Grâce à la forêt, j'ai aussi pu payer en grande partie mes études collégiales et universitaires qui me permettent aujourd'hui d'être travailleur autonome et de mener des activités qui m'enrichissent au plus haut point tout en contribuant à un bonheur professionnel que j'ai rarement rencontré dans mes autres métiers. Le regret que j'ai de cette époque est que j'ai coupé les arbres de la même manière que les multinationales le font. J'ai rasé des parties de forêts sans être conscient des dommages environnementaux que j'ai causés.
En raison de ces souvenirs, la forêt n'est pas seulement un lieu qui m'a permis de gagner de l'argent. Les enseignements que m'a prodigués mon père sont une des choses les plus importantes que j'ai apprise au cours de ma vie. Quand je me retrouve dans la forêt et que j'y retrouve ces souvenirs, c'est à ce moment qu'elle acquiert une signification culturelle importante à mes yeux. C'est sans doute pour cette raison qu'aujourd'hui, je ressens de la tristesse quand je vois les coupes à blanc qui dévastent les si beaux paysages de la baie des Chaleurs. L'humain est sans doute le seul animal capable d'effacer ses souvenirs et de menacer son avenir dans un seul geste.

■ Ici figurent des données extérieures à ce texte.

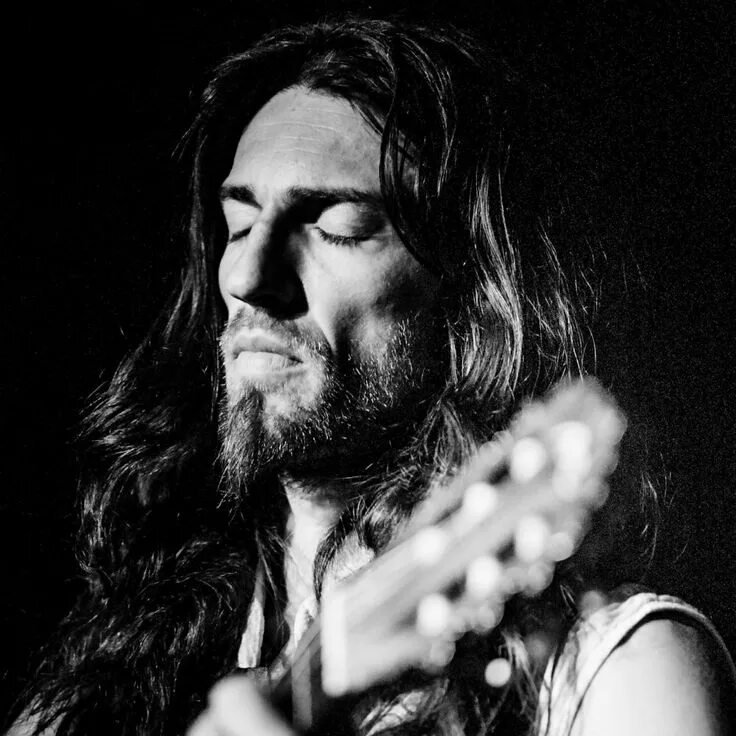Гитарист тони эстас. Эстас тонне. Гитарист тони эстас. Estas tonne гитара. Эстас тонне 2022.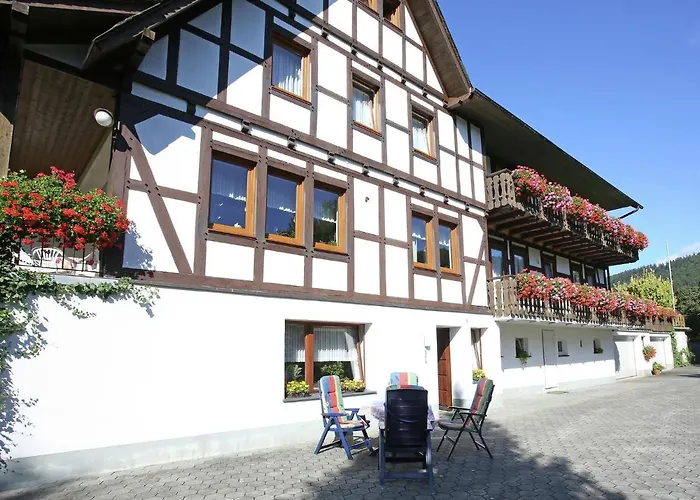 In Mit Gemeinschaftsgarten *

Nous avons tous un lien profondément culturel avec la forêt. Le père qui a vu son fils tuer son premier orignal ne peut qu'avoir de grandes émotions au cœur quand il pense à son enfant devenu homme. La mère qui se souvient des premières truites que ses enfants ont pêchées dans le ruisseau derrière la maison ne peut qu'avoir un bonheur en se remémorant le plaisir qu'elle a eu à cuire ces poissons devant des petits excités d'avoir accompli quelque chose d'important. Le premier lièvre attrapé au collet ou la première perdrix tuée en compagnie de son père sont des souvenirs impérissables au cœur d'un enfant.
J'ai rencontré un sage d'Eel River Bar qui utilise la forêt pour en tirer les plantes médicinales qui soulagent différentes maladies ou malaises des gens de sa communauté. Personnellement, depuis mon retour dans la région, j'ai appris à goûter au plaisir des têtes de violons que je cueille maintenant tous les printemps. Sur mes skis en fin de semaine, j'ai fait le tour du lac pour repérer les meilleurs endroits pour cueillir des cœurs des quenouilles le printemps prochain. Cette plante est un met exquis qui est recherché par certaines des meilleures tables.
La forêt est généreuse pour nous. Toutefois si nous en abusons, elle nous en fera payer le prix. On le voit avec la fermeture des moulins et de l'industrie qui a abusé de nos forêts. Le jour où nous reconnaîtrons à la forêt sa valeur culturelle, notre rapport changera avec elle. Lorsque nous apprendrons à la respecter, elle sera généreuse pour nous et pour nos enfants. C'est alors que nous pourrons leur dire : «Il y a de l'avenir chez nous à qui respecte la forêt. Si demain, elle est encore là, il sera même possible d'apprendre à nos enfants comment faire leur chemin dans la vie!» Ainsi me l'a enseigné mon père.